# Lecture 2 — Homework (Instructions Only)

**Goal:** Practice Python containers (lists, dicts, NumPy arrays) and core pandas workflows (Series, DataFrames, filtering, missing values, duplicates, groupby, reshape, merge) using **real financial data** from Peru and the US.

**Rules**
- Submit a single `.ipynb` that runs top-to-bottom with **Run All**.
- Use **real data** via the loaders you built in the Lecture 2 practice notebook (BCRP API + Yahoo Finance).
- Do **not** include plots in this homework.

---

## Part 1 — Series (containers → Series)

### Task 1.1 — From list to Series (Peru FX)
1. Fetch Peru FX buy and sell (PEN/USD) from BCRP for a recent 2–5 year window.
2. Compute the mid-rate: `mid = (buy + sell) / 2`.
3. Take the **last 20 values** of `mid` as a Python list.
4. Build a `pd.Series` from that list and name it `PENUSD_mid_last20`.
5. Report (in markdown): number of observations, mean, min, max.

### Task 1.2 — From NumPy array to Series (US market)
1. Download daily data for `GLD` from Yahoo Finance for a recent 3–7 year window.
2. Extract the `close` column as a NumPy array.
3. Build a `pd.Series` indexed by the corresponding dates.
4. Report (in markdown): mean, min, max, and the date range.

### Task 1.3 — From dict to Series (last available close)
1. Choose **three** Yahoo Finance tickers (example: `SPY`, `QQQ`, `IWM`).
2. For each ticker, compute the **last available close** in your sample.
3. Store them in a dict `{ticker: last_close}`.
4. Convert to a `pd.Series`, sort descending, and report the top ticker.

### Task 1.4 — Why alignment matters (short explanation)
Write a short markdown explanation (5–8 lines) comparing:
- a pandas merge/concat that aligns on dates (safe), versus
- truncating two NumPy arrays to the same length (unsafe).

Use your own examples from Tasks 1.1 and 1.2.

---

## Part 2 — DataFrames (core operations)

### Task 2.1 — Ticker metadata table
Create a DataFrame with:
- `ticker`
- `last_close`
- `market` (set to `"US"` for all rows)

Use the same tickers you picked in Task 1.3.

### Task 2.2 — Filtering (percentiles within each ticker)
Using your US market dataset with at least 2 tickers:
1. For each ticker, compute the **95th percentile** of `close`.
2. Keep only rows where `close` is strictly above the ticker’s 95th percentile.
3. Report: how many rows remain per ticker (a small table is enough).

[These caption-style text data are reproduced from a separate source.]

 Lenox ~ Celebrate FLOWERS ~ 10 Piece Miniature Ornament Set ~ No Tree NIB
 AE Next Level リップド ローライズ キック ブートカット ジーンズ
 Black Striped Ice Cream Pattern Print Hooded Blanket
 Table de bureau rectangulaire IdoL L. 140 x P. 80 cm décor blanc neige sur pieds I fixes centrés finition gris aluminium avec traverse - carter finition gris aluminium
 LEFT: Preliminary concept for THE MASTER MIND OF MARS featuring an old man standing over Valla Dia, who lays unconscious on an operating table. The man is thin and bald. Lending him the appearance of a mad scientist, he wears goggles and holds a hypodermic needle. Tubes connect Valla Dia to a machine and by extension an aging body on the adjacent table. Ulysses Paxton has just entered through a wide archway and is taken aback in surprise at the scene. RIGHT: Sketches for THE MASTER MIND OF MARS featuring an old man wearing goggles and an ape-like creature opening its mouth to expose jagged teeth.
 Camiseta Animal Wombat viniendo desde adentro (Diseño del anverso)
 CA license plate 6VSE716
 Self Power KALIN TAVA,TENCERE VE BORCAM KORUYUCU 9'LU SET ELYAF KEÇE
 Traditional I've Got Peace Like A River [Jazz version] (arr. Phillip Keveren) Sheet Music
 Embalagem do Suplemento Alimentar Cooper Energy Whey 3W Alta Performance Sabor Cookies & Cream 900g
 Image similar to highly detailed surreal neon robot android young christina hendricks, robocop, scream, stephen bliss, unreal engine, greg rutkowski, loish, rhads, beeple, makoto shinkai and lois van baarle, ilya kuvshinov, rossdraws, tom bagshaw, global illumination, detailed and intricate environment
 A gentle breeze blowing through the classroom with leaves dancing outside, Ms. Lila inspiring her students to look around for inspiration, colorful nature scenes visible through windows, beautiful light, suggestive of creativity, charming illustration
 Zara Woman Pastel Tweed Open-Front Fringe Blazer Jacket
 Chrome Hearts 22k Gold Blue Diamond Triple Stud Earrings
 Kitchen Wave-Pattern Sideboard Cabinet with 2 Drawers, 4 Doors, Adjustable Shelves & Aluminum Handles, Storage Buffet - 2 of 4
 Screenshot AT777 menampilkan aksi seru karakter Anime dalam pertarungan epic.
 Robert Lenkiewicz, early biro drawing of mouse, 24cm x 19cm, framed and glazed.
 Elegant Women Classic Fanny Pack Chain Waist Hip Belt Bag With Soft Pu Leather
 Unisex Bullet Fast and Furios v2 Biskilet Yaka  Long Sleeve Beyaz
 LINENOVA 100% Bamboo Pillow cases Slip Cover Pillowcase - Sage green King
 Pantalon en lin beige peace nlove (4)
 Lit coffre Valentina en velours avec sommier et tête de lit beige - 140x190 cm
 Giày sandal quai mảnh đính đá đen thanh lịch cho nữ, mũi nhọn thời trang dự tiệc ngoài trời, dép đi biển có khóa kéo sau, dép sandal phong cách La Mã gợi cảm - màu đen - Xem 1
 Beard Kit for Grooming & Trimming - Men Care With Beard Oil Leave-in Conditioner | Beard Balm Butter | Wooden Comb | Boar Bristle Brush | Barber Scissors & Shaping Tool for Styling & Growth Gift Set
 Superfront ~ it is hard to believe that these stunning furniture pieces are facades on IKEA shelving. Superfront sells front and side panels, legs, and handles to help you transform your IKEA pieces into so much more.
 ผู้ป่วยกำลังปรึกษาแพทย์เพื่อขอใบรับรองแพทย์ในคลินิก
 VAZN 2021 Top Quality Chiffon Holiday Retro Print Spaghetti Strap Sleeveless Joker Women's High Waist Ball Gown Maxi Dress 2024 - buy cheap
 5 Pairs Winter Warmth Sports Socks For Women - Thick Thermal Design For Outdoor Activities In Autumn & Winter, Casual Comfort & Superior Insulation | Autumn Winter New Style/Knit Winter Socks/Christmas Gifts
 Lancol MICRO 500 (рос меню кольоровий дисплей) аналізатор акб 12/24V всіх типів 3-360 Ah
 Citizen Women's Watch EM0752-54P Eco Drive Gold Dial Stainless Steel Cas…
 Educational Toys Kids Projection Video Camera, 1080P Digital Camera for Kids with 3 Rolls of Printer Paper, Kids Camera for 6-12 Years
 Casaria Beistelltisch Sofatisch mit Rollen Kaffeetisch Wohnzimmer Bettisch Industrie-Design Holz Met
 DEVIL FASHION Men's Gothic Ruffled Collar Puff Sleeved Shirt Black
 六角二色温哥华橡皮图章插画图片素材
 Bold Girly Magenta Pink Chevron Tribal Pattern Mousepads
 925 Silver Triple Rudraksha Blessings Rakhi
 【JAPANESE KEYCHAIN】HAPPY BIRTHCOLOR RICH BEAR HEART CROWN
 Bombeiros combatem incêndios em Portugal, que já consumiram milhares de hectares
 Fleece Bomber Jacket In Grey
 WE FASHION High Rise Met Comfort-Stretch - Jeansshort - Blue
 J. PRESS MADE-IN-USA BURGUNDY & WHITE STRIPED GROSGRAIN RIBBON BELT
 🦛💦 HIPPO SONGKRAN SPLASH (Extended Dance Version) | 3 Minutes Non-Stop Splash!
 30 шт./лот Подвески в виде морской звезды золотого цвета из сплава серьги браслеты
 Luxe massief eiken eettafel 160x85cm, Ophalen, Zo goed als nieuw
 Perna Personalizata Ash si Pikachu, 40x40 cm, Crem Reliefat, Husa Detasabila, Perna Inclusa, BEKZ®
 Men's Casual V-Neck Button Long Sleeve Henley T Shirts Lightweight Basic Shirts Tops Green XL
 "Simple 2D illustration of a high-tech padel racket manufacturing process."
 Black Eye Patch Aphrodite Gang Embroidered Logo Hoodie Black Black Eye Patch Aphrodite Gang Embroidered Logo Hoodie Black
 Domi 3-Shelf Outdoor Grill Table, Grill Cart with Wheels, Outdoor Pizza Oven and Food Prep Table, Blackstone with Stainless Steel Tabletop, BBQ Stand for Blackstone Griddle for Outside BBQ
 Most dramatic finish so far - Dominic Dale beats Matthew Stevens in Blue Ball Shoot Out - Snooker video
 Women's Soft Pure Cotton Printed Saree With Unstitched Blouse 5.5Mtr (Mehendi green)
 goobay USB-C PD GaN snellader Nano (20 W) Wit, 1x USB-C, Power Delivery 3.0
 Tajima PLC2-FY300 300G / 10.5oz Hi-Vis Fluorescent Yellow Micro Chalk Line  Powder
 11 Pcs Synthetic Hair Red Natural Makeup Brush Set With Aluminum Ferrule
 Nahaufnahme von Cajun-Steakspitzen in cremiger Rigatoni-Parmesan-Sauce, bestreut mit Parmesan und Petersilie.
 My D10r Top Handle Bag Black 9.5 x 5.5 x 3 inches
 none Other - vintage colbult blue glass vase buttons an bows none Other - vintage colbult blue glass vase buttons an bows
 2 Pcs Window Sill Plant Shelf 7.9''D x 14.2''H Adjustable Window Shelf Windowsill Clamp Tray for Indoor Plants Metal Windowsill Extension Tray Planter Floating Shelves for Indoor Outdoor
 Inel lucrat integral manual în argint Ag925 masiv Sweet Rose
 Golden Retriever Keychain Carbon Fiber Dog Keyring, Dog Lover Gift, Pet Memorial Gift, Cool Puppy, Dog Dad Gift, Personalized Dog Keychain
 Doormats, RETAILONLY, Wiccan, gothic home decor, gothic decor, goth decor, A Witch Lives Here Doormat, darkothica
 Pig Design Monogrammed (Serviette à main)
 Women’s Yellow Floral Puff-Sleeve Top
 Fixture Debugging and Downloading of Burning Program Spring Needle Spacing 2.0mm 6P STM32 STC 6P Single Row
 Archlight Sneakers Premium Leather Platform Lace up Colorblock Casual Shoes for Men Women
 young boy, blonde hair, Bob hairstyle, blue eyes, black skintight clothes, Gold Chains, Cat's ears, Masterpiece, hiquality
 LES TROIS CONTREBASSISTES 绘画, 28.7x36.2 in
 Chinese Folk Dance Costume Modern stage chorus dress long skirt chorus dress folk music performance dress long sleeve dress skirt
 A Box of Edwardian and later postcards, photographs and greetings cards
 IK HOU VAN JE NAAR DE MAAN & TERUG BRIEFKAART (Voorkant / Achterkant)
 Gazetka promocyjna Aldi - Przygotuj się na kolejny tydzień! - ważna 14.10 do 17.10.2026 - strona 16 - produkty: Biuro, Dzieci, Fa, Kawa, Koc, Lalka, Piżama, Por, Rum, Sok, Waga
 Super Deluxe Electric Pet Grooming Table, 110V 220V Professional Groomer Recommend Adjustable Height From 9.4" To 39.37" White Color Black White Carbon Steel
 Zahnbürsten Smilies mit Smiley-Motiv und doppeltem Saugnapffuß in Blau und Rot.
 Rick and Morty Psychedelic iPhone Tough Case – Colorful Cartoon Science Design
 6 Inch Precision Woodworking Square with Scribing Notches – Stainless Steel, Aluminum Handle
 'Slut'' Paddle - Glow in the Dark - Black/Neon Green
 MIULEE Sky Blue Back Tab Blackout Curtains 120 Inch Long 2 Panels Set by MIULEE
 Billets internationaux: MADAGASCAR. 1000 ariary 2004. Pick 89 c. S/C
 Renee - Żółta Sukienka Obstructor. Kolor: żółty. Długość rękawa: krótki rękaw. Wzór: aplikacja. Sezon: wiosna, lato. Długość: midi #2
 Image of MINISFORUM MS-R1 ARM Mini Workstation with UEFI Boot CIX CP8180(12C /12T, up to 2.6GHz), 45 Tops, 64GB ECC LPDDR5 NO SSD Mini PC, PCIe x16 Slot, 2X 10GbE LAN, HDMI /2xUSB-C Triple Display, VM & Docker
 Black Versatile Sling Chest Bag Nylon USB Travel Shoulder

### Task 2.3 — Missing values (controlled experiment)
1. Make a copy of your US market DataFrame.
2. With a fixed random seed, set **1% of `volume`** to missing (`NaN`).
3. Create two cleaned versions:
   - dropped rows with missing `volume`
   - filled missing `volume` using the **ticker-specific median**
4. Compare shapes and report (in markdown): which method keeps more information and why.

### Task 2.4 — Duplicates
1. Create a new DataFrame by stacking the last 5 rows twice.
2. Detect duplicates with `.duplicated()`.
3. Remove duplicates with `.drop_duplicates()`.
4. Verify row counts before/after.

### Task 2.5 — Groupby summary
Compute a table grouped by `ticker` with:
- `mean_close`
- `std_close`
- `max_volume`

Sort by `mean_close` descending and write 3 bullet points interpreting the table.

### Task 2.6 — Reshape (long ↔ wide)
1. Create a wide pivot table of `close` with:
   - index = `date`
   - columns = `ticker`
   - values = `close`
2. Keep only the first 30 dates.
3. Melt the wide table back to long format with columns `date`, `ticker`, `close`.

---

## Part 3 — Merge (Peru macro + US market)

### Task 3.1 — Monthly merge (policy rate vs commodity ETF)
1. Fetch BCRP **policy rate** for a multi-year window (daily series is fine).
2. Convert both datasets to **monthly frequency** using:
   - `year` and `month` extracted from dates
   - monthly mean aggregation
3. Build a monthly average close for **GLD**.
4. Merge policy rate monthly with GLD monthly on `(year, month)`.
5. Save your final table to:
   - `outputs/lecture2_hw_policy_gld_monthly.csv`

In markdown: explain (3–6 lines) what each column represents and what a student could explore next (no plots required).

---

## Deliverables checklist
- All tasks completed with short markdown notes.
- Notebook runs with **Run All**.
- CSV saved to `outputs/lecture2_hw_policy_gld_monthly.csv`.